■ Prompt ■
The reply should hold only the lines from the one with "de Sandro Botticelli" to the one with "Betsy Drake Interiors", both ends kept, exactly as they appear below, without any pictures.

■ Input data ■
%%
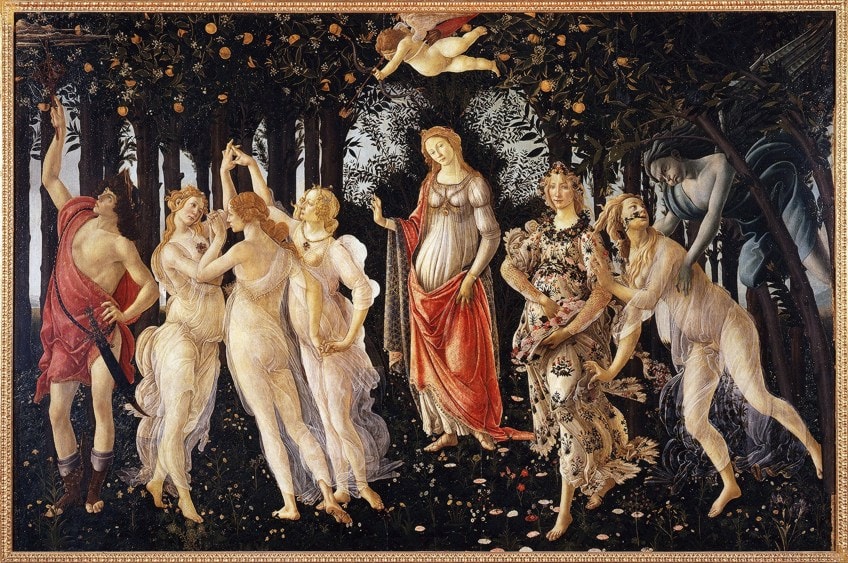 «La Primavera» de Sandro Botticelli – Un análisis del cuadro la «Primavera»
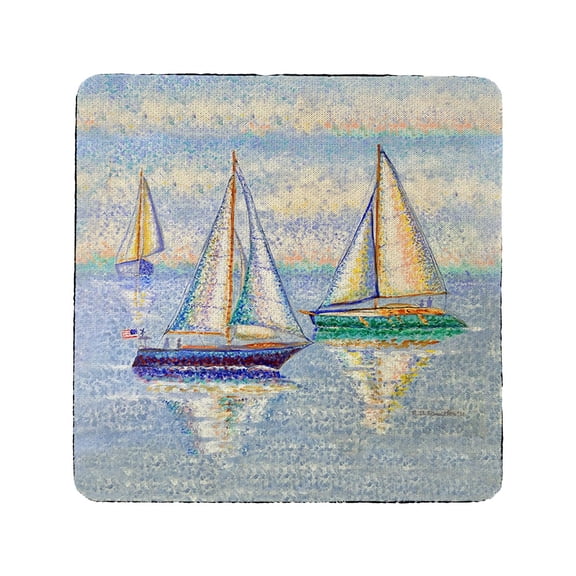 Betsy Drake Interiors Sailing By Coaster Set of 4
%%
%%
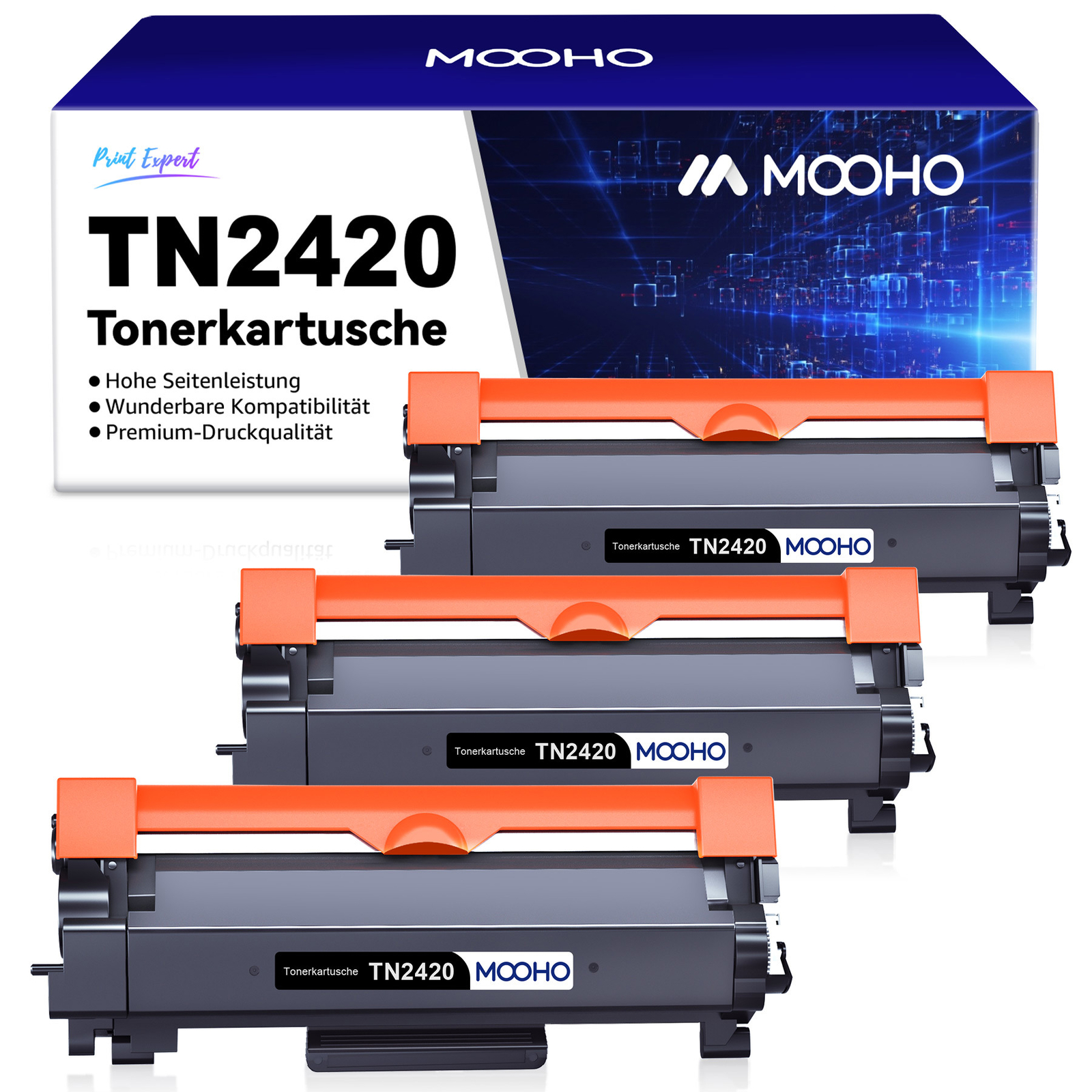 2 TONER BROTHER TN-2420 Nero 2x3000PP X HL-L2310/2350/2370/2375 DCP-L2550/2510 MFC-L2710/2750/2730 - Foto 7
%%
%%
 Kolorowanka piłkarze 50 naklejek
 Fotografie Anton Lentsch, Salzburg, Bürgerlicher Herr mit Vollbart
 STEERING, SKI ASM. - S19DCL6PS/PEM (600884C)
%%
■ Task result ■
 «La Primavera» de Sandro Botticelli – Un análisis del cuadro la «Primavera»
 Betsy Drake Interiors Sailing By Coaster Set of 4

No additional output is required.